Wenn man in diesem Zustand eine relativ mühelose Meditation praktiziert, wird das Bewusstsein nicht nur frei, sondern das Aura steigt noch weiter über das Sahasrara-Chakra hinaus, und man spürt, dass das Bewusstsein sich erhebt.
Wahrscheinlich ist dies der Beginn von etwas.
Bisher gab es immer wieder Momente, in denen das Bewusstsein über das Sahasrara-Chakra hinausging, aber so weit, dass es "weit" hinausragt, scheint es noch nicht gegeben zu haben. Auch wenn es sich um einen subjektiven Vergleich handelt, ist es möglicherweise nicht so weit, aber zumindest scheint es, dass das Bewusstsein weiter über das Sahasrara-Chakra hinausgeht als zuvor.
Auch wenn ich glaube, dass es noch weitere Schritte zu gehen gibt, so muss ich dennoch sagen, dass ich einen wichtigen Punkt überwunden habe und mein Bewusstsein sich in gewisser Weise von der Erde gelöst hat.

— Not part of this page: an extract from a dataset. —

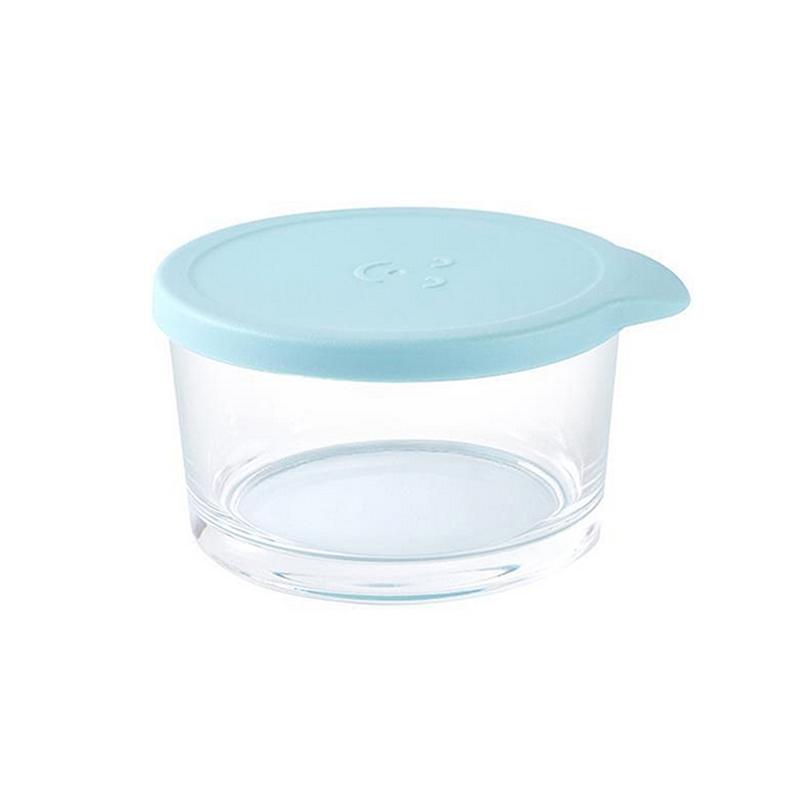 

1/4 шт. Скляний круглий контейнер для зберігання їжі, безпечний для мікрохвильовки, герметична банка для солінь для холодильника, для зберігання фруктів та овочів синій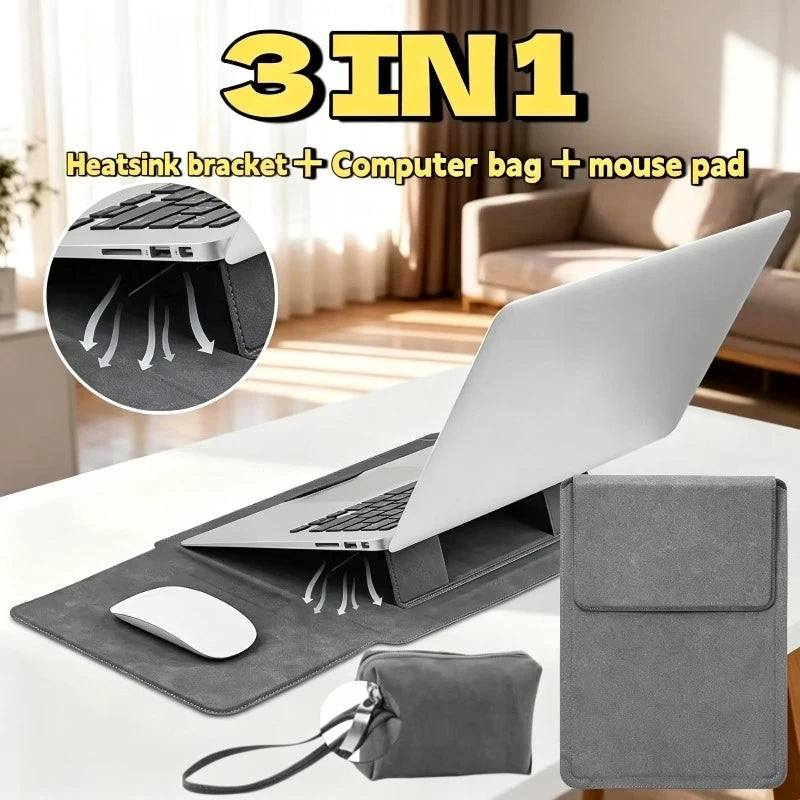 3-in-1 Portable Laptop Sleeve with Built-in Stand and Mouse Pad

Obwohl ich sage, dass sich mein Bewusstsein gelöst hat, glaube ich, dass es sich erst in den Anfangsstadien befindet und daher noch nicht vollständig „verankert“ ist. Wenn sich mein Bewusstsein wirklich vollständig löst, wird es wahrscheinlich mit noch mehr Dimensionen verbunden sein, daher glaube ich, dass es noch nicht genug ist, einfach nur zu sagen, dass sich mein Bewusstsein gelöst hat. Aber trotzdem habe ich das Gefühl, dass ich einen wichtigen Punkt überwunden habe.